Editing columns.
A column can be renamed by invoking its drop-down menu and picking Edit column > Rename this column. You cannot pick a name that is already taken by another column. Renaming a column changes the data and is thus tracked in the undo/redo history.
A column can be removed entirely by invoking its drop-down menu and picking Edit column > Remove this column. Removing a column is also tracked in the undo/redo history and can thus be undone.
A column can be moved. The simple ways to move a column is available in its drop-down menu under the Edit column submenu:
- Move column to beginning
- Move column to end
- Move column left
- Move column right
For more elaborate rearrangement of columns, invoke the left-most drop-down menu in front of "All" and pick Edit columns > Reorder columns... This command also lets you remove several columns in one operation. Moving and removing columns are considered to change the data, and are thus tracked in the undo/redo history.
A column can be "collapsed" so that it takes up much less space on screen. Invoke a column's drop-down menu View > Collapse this column to collapse it. It will then be displayed as a sliver of vertical space. Clicking on that sliver in the table's header will expand that column. To collapse or expand all columns, use the left-most drop-down menu, in front of "All". Note that since collapsing and expanding columns don't change the data, they are not tracked in the undo/redo history.
A new column can be created based on zero, one, or more existing columns. Typically, you would create a column based on one existing column. Invoke that existing column's drop-down menu and pick Edit column > Add column based on this column... If you intend to create a new column based on zero or two or more existing columns, you can invoke the drop-down menu of any column.
The command Add column based on this column... will open up a dialog box similar to the (Cell) Transform dialog box (see Cell Editing). Enter an expression that specifies, for each row, how to generate the cell in that new column. For example, consider this data set:
name | age |
---|---|
John Smith | 28 |
Jane Doe | 33 |
Say we invoke the command Add column based on this column... on the column "name" and enter the expression
value.split(" ")[1]
and name that new column "last name", then after that command executes, the data set will look like
name | last name | age |
---|---|---|
John Smith | Smith | 28 |
Jane Doe | Doe | 33 |
For more information on expressions, see Understanding Expressions.
see also Variables for further advice on how to work with cells, rows, records etc.
To merge or concatenate 2 columns together, you can Create a new column called "joinedColumn" or whatever and do this:
cells["Column 1"].value + cells["Column 2"].value
or if the column names do not contain spaces, you can easily do just this:
cells.MyCol1.value + cells.MyCol2.value
or using records mode instead of rows mode, like this:
row.record.cells.AuthorFirstName.value + " " + row.record.cells.AuthorLastName.value
Several columns can be created in one shot by splitting one existing column. For example, in the previous example, we could split the "name" column into two columns by the space separator, and rename the first new column to "first name" and the second new column to "last name". To split a column, invoke its drop-down menu and pick Edit column > Split into several columns...
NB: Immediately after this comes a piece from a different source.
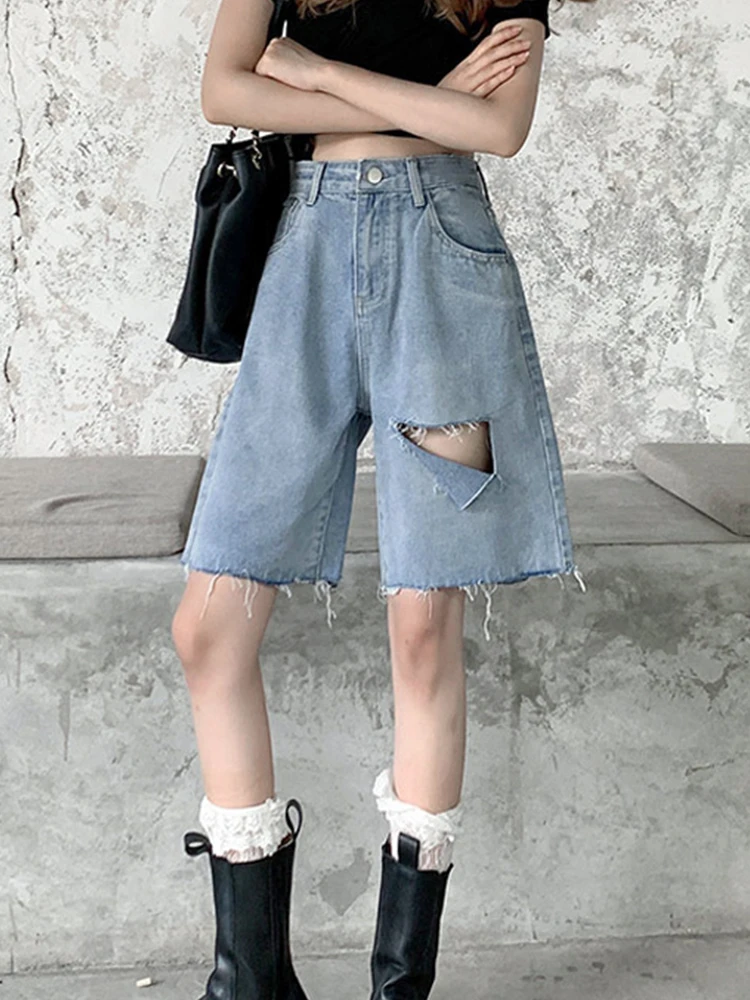 Streetwear Women High Waist Hole Frayed Loose Denim Shorts Spring Summer Female Button Retro Jeans Shorts Bottoms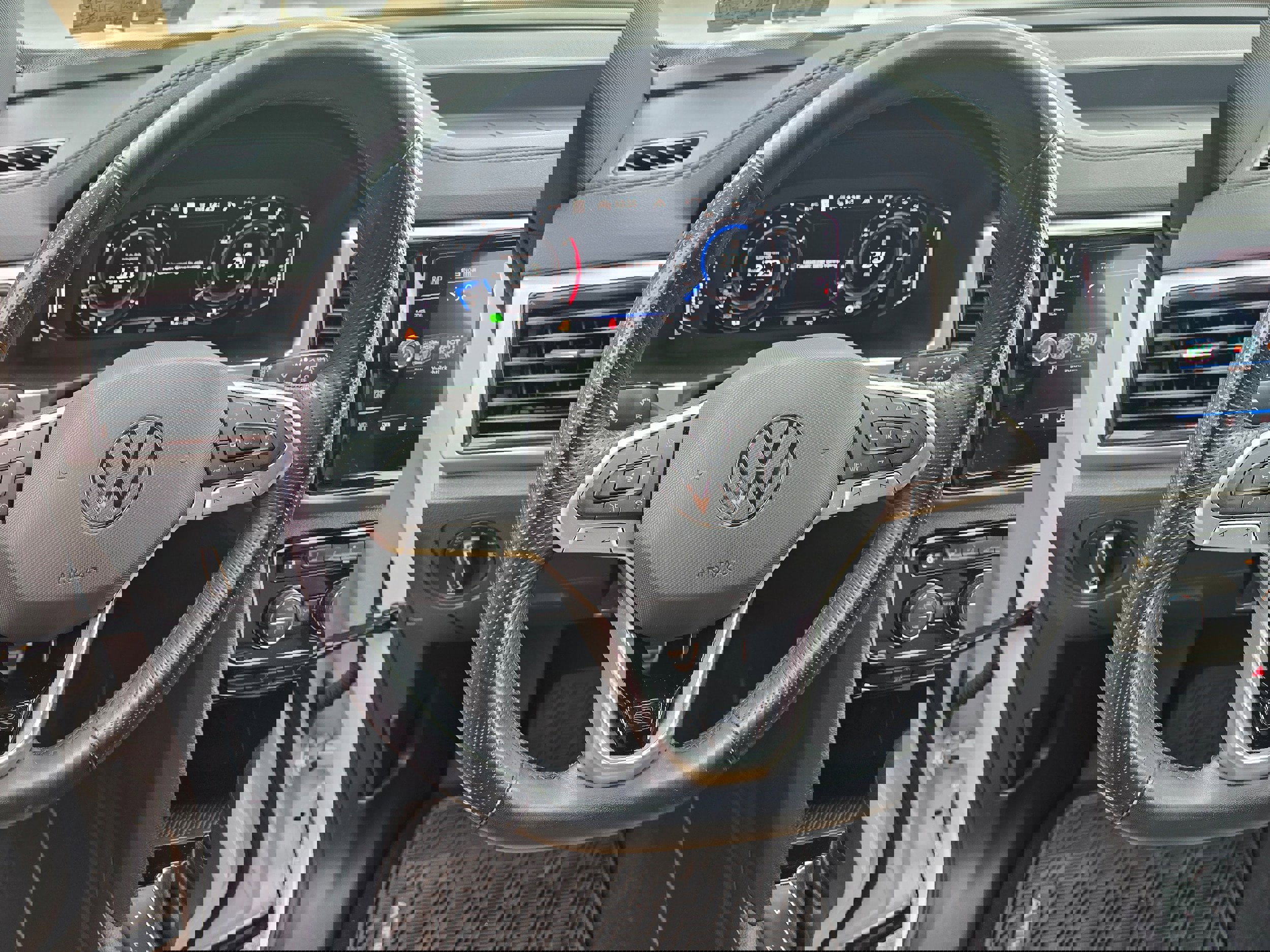 Certified 2022 Volkswagen Atlas Cross Sport SEL R-Line image 17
A column can be split by a separator substring or regular expression pattern, or by a list of field lengths. For example, consider
address |
---|
100 Main St., San Francisco, CA |
200 Broadway Blvd, Boston MA |
Splitting by the substring ", " (note the space following the comma yields 3 columns)
address 1 | address 2 | address 3 |
---|---|---|
100 Main St. | San Francisco | CA |
200 Broadway Blvd | Boston MA |
Note that the second row has only 1 comma.
You could set the maximum number of new columns, say, to 2, and get
address 1 | address 2 |
---|---|
100 Main St. | San Francisco, CA |
200 Broadway Blvd | Boston MA |
Note that the comma in the first row no longer causes any split.
You could also specify a regular expression as the separator. This is useful if what separates the cells is not fixed or incorporates a special character like a tab. For example, this regular expression matches any sequence of tab or space:
[\t]+
\t matches a tab character. Of course that could even be simplified to use the whitespace character class \s
\s+
For more information on regular expressions, see Understanding Regular Expressions. But note that whereas regular expressions within a GREL expression must start and end with a slash character /, the regular expressions you enter anywhere in OpenRefine outside a GREL expression must not start end with slashes.
Say your data is field-length encoded, such as below
John Smith 26
Peter Pan 13
There is nothing to separate the columns, but we can count the characters and determine that the first column is 9 character wide, the second 11 character wide, and the third 2. Then we can split that existing column by lengths: 9, 11, 2.
There are a few other ways to create new columns, as documented on the Extending Data.